Si l’original n’a que des traits ou des textes noirs sur fond blanc, le cliché sera un cliché trait. S’il a des demi-teintes, on utilise la trame et l’on fait un cliché de similigravure, ou cliché simili. Le cliché simili est dit au carré ou cadré quand il est rectangulaire, souvent encadré d’un trait ; il est dit détouré si le fond autour du sujet a été éliminé et dégradé lorsque ce fond va en s’estompant vers les bords.

On peut ajouter à un cliché trait des grisés (points, lignes, grains, trames) par décalque de reliefs de gélatine encrés au rouleau.
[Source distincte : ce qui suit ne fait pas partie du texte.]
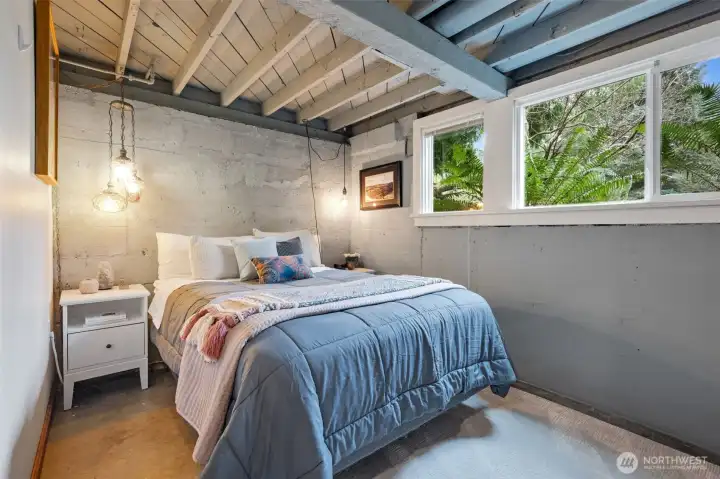 The primary looks out onto the view of ferns and greenery.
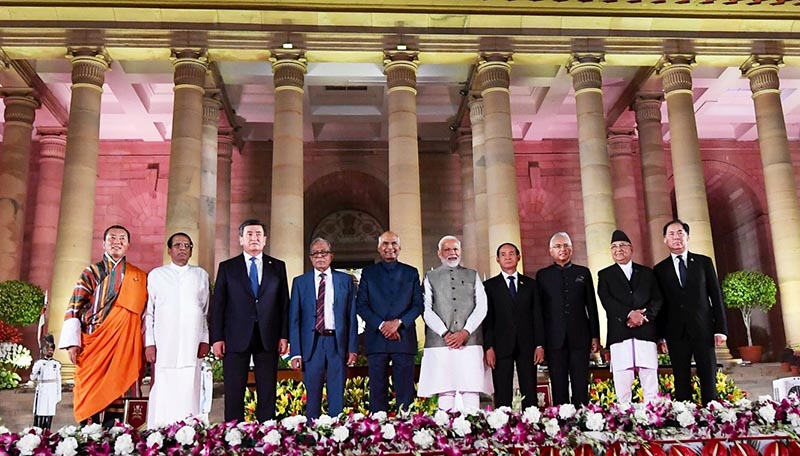 Indian Prime Minister Narendra Modi with leaders of BIMSTEC member nations, President of Kyrgyz Republic  SCO Chair and Pravasi Bharatiya PM of Mauritius, Prime Minister of Nepal KP Sharma Oli among others, after being sworn in as Prime Minister, in New Delhi, India, on Thursday, May 30, 2019. Photo: MEAIndia Twitter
Les grisés de teinte peuvent être travaillés pour obtenir des transitions dégradées : c’est l’ancien procédé ben-day, appelé aujourd’hui trait modelé. Les opérations de confection des clichés trait ou simili se font dans le même ordre. La planche de métal, zinc pour les travaux courants, cuivre, plus rarement magnésium pour les travaux fins, est recouverte d’une couche sensible constituée par un colloïde bichromate (albumine, colle de poisson, gomme-laque ou émail à froid, alcool polyvinylique). On copie le négatif, on développe par rinçage à l’eau, qui enlève les parties non tannées par la lumière et qui laisse à nu le métal dans ces zones, on renforce par encrage ou par cuisson la résistance des parties de couche restantes et l’on grave par morsure à l’acide, acide nitrique pour le zinc, perchlorure de fer pour le cuivre. On obtient alors des traits et des points, c’est-à-dire une surface imprimante en relief. La difficulté de la gravure réside en ce que chaque élément imprimant doit avoir une structure en coupe pyramidale pour être bien résistant, ce qui oblige à mordre par faibles épaisseurs successives, en protégeant chaque fois les flancs — ou talus — des creux pour éviter l’attaque latérale du mordant. Dans la méthode conventionnelle, le graveur travaille par étapes et fait trois ou quatre morsures successives. La profondeur de creux entre les points d’une similigravure va de 0,03 à 0,15 mm. Le cliché conserve dans les noirs des petits points creux qui seront bouchés par l’encre et dans les blancs des petits points en relief qui empêcheront les rouleaux de déposer de l’encre au fond des creux, mais qui empêchent aussi d’avoir des dégradés de teinte descendant jusqu’au blanc pur. La profondeur de creux des clichés trait est plus grande ; elle est encore accentuée par toupillage ou défonçage après morsure.